• [WHAT THE EXERCISE ASKS]: Retype each line of the material below word for word; pictures stay out.
(INFORMATION SUPPLIED)
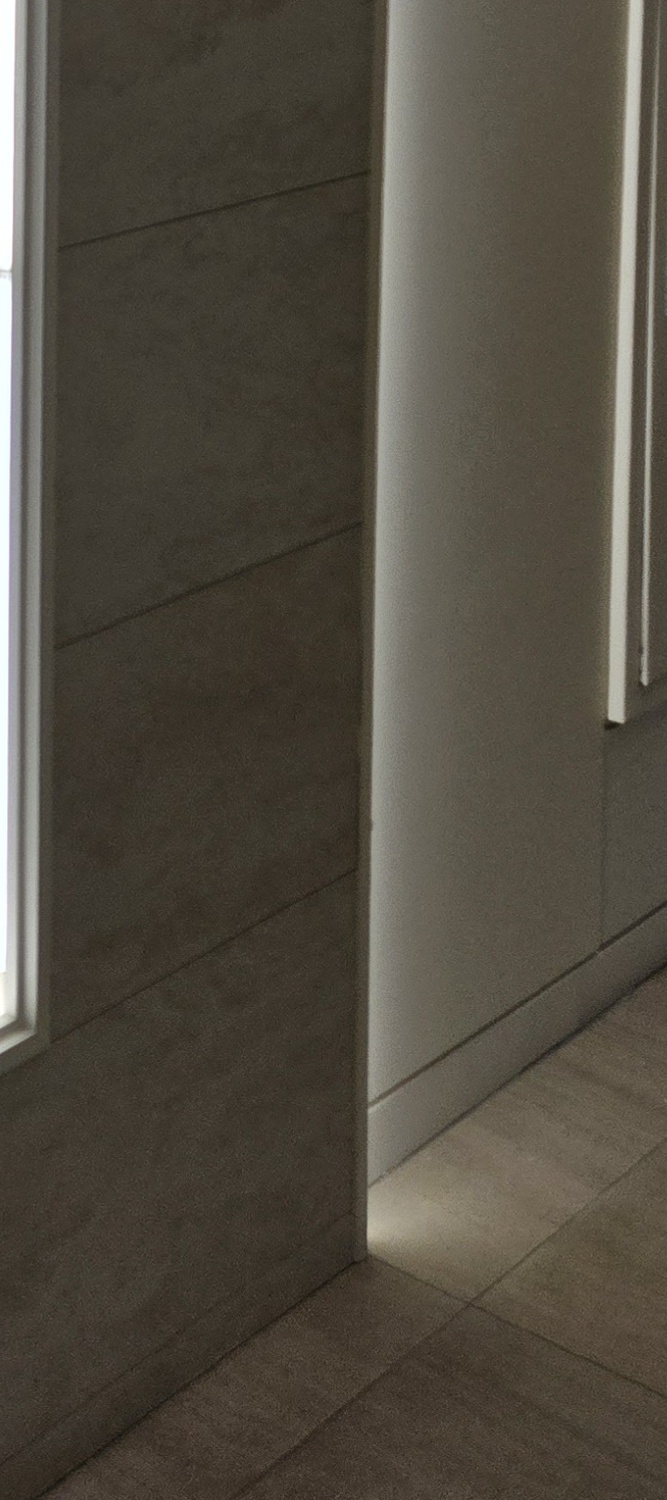 어금니 충치 단계 미리 알아차리려면 관련 이미지 23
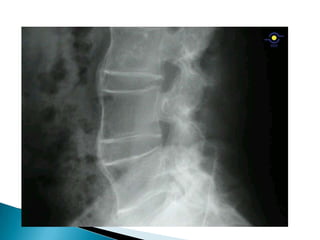 f) Enfermedad de Whipple2. Reactivas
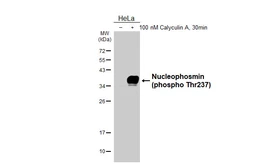 Anti-Nucleophosmin (phospho Thr237) antibody [HL3855] used in Western Blot (WB). GTX642089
(End INFORMATION SUPPLIED)
• [PROBLEM SOLUTION]:
 어금니 충치 단계 미리 알아차리려면 관련 이미지 23
 f) Enfermedad de Whipple2. Reactivas
 Anti-Nucleophosmin (phospho Thr237) antibody [HL3855] used in Western Blot (WB). GTX642089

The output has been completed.